3. Relaciones sociales de poder: autoridades, indígenas y aliados
Llevar a cabo las disposiciones legales para repartir equitativamente terrenos de resguardo entre indígenas conllevaba inevitablemente conflictos entre los mismos nativos y funcionarios estatales, cuya matriz común serían las relaciones sociales de poder reveladas en sumarios, peticiones y memoriales. La exposición de otro conjunto de casos no sólo ilustrará el conocimiento y uso de la ley por parte de indígenas, sino que hará evidente un aspecto que caracterizaba a sus pueblos: su inclinación a litigar42. Tal es el caso del sumario instruido el 15 de abril de 1860 por Ángel María de la Cruz, indígena de la parcialidad de Tangua, contra el corregidor de Yacuanquer por expropiarle un pedazo de terreno para otorgárselo a Evangelista Amaguaña. El implicado expuso que cuando tuvo la edad necesaria para tener derecho a terrenos de resguardo, se le otorgó un pedazo de tierra que disfrutó por más de dos años. Pero había perdido la mitad a causa del Corregidor del lugar, quien, siguiendo a Tomás Primate (tinterillo del pueblo y defensor de Evangelista Amaguaña), formó contra él una “artificiosa cabala” desposeyéndolo del terreno para otorgárselo a su contrario. Tras estos sucesos, el demandante se dirigió al alcalde como autoridad superior para que favoreciera su solicitud43, exponiendo una serie de argumentos legales. En primera instancia, afirmaba ser hijo de indígenas tributarios, que tenía derecho a poseer un terreno de resguardo conforme a la ley sobre terrenos de la Recopilación Granadina (artículo 3). En segunda instancia, consideraba que Amaguaña no podía obtener tierra de resguardo porque era menor de edad e hijo de padre desconocido. Por último, en tercera instancia, De la Cruz aludió a la antigüedad de su posesión44.
Evidentemente, tales argumentaciones permiten apreciar que este indígena no sólo conocía y aplicaba la normativa estatal y nacional, sino que además conocía acerca del margen de acción y posición de la autoridad local, en cuyo caso recurrió a una autoridad superior. Como resultado de esta querella, un mes después, la Alcaldía informó que, de acuerdo con lo expuesto por el Cabildo, Amaguaña era menor de edad y no prestaba servicio público.

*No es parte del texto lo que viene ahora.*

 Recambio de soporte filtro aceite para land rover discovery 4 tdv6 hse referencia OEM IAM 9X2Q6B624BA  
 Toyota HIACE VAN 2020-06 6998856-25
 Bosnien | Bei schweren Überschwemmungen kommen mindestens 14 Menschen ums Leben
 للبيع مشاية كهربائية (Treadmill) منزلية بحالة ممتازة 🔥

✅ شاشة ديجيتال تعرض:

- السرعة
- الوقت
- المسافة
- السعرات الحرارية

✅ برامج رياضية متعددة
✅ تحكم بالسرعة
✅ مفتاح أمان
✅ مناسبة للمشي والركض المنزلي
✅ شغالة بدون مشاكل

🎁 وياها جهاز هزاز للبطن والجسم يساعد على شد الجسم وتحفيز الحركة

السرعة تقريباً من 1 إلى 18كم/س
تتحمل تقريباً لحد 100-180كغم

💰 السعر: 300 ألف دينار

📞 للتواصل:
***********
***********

Por otra parte, su madre poseía terrenos donde trabajar y alimentar a sus hijos, así que se resolvió devolver a Ángel María de la Cruz el pedazo de terreno45. En este sumario, por tanto, el alcalde tuvo en cuenta los argumentos legales expuestos para conceder un fallo a favor del solicitante.

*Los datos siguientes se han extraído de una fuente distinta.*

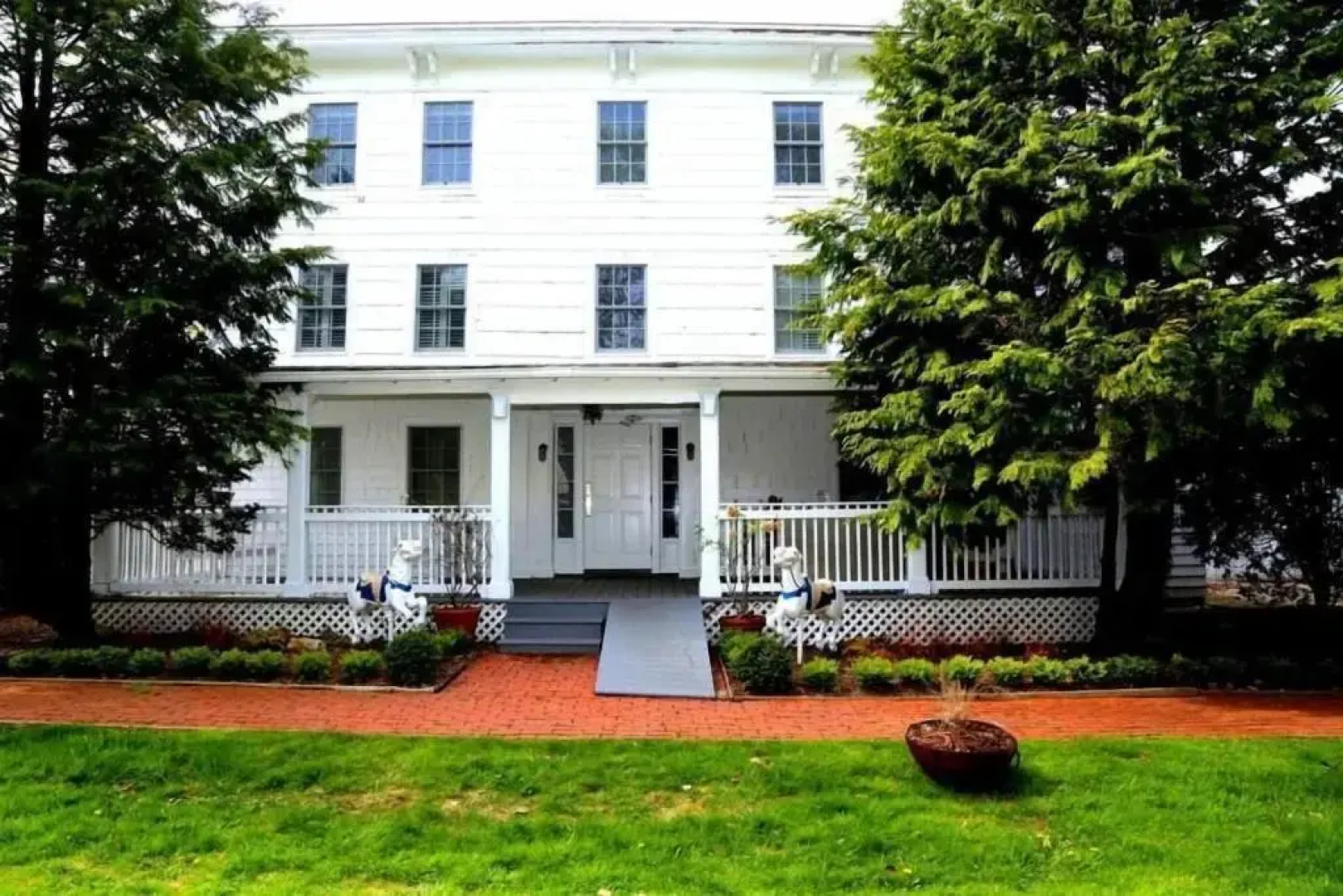 Harpoon House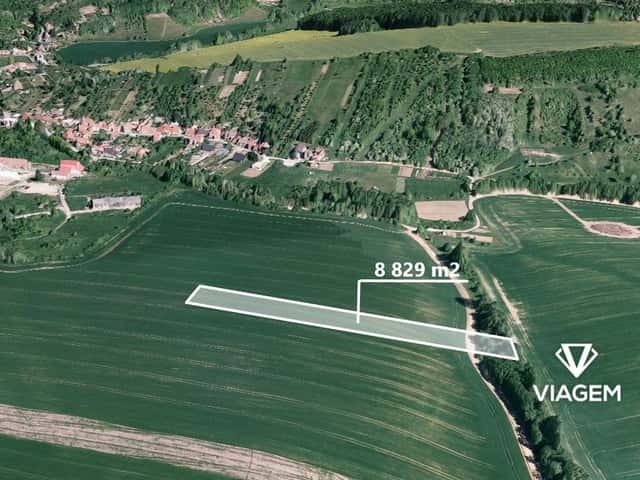 Pole 8 829 m², okres Uherské Hradiště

En otro contexto, se puede estudiar el caso de Marcelo Prado, indígena de la parcialidad de Catambuco. El 13 de octubre de 1863 informó al gobernador de la Provincia que, por más de treinta años, había poseído media cuadra de terreno adjudicada por la autoridad superior de Pasto. El pedazo obtenido, según Prado, era casi inútil, aunque, debido a su trabajo y al de su esposa, se hallaba en regular estado. La cuestión de su denuncia radicaba en que ahora el alcalde mayor y algunos miembros del Cabildo Pequeño de indígenas buscaban dividir su media cuadra de terreno para agregársela a un nuevo beneficiario, Manuel Chachinoy, quien ya contaba con la otra mitad. De modo que el remitente dirigió sus esfuerzos a mantener íntegro su terreno, aludiendo a tres razones: primera, al derecho de posesión, que indicaba el tiempo de ocupación; segunda, al trabajo y a las mejoras introducidas al terreno; y por último, a la injusticia en la segregación, debido a que el posible beneficiado también tenía una posesión en otra localidad46.

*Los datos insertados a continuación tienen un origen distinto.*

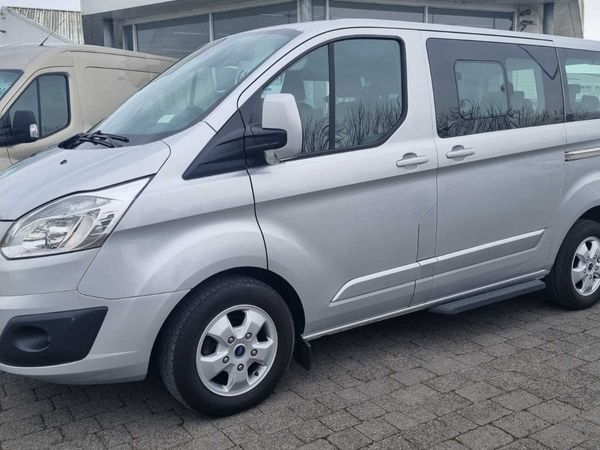 182 FORD TOURNEO 9 SEATER AUTO ONLY 73K KMS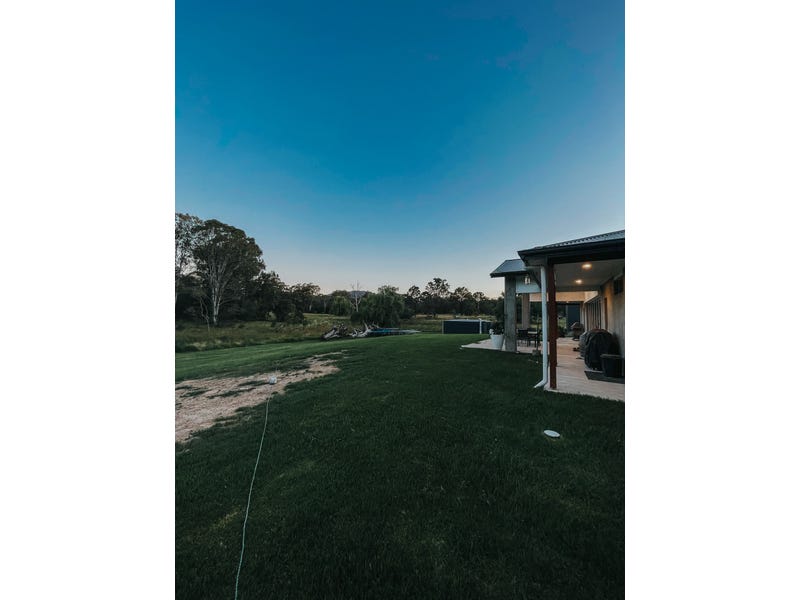 PRICE GUIDE: $1.8 – $2.2M 5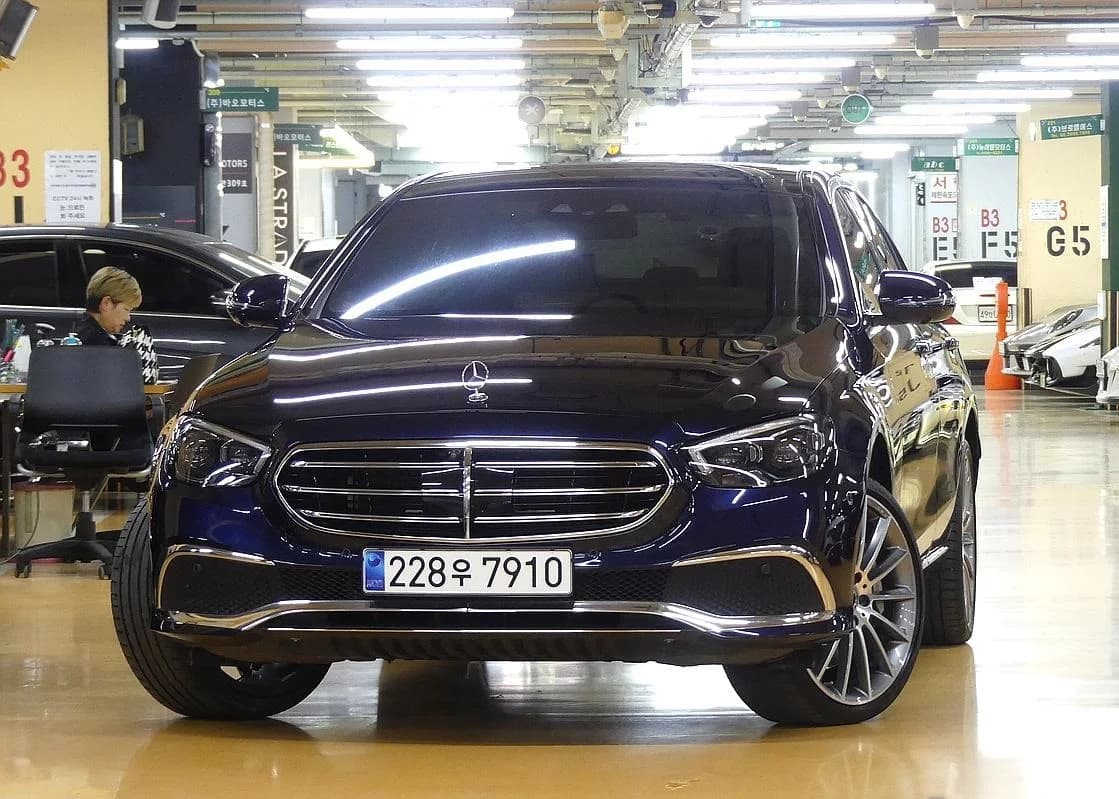 Mercedes-Benz E-Class E450 4MATIC Exclusive, 2023 г. 31912 км. — фото 3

Fue así como, vista la representación de Prado y atendiendo a la justicia de la petición, el 15 de febrero de 1864, la Alcaldía del Departamento resolvió que se previniese al alcalde de Catambuco para que mantuviera en su terreno íntegro a Marcelo Prado47. Poco después, sin embargo, el 1 de abril, el jefe del Distrito de Santander, Juan Cano, volvió a sustraerlo del terreno y se lo agregó a Chachinoy. Éste fue el motivo para que, el 25 de abril de 1864, Marcelo Prado de nuevo elevase una comunicación ante la Gobernación, razonando acerca de lo justo y lo injusto bajo el amparo de la legislación:
“[…] que se les cersene las tierras a los que tienen mas para darles a los que no tienen, santo i bueno; pero que de media cuadra que poseo de terreno malo, laderoso y cangagua [sic: cangahua], se me quite la mejor, para agregar al que tiene mas que yo i la mejor tierra, no me parece justo, i por eso es que elevo a U. esta mi solisitud, para que de conformidad con la lei 90 de 19 de octubre de 1859, sobre protección de indígenas se me haga justicia”48.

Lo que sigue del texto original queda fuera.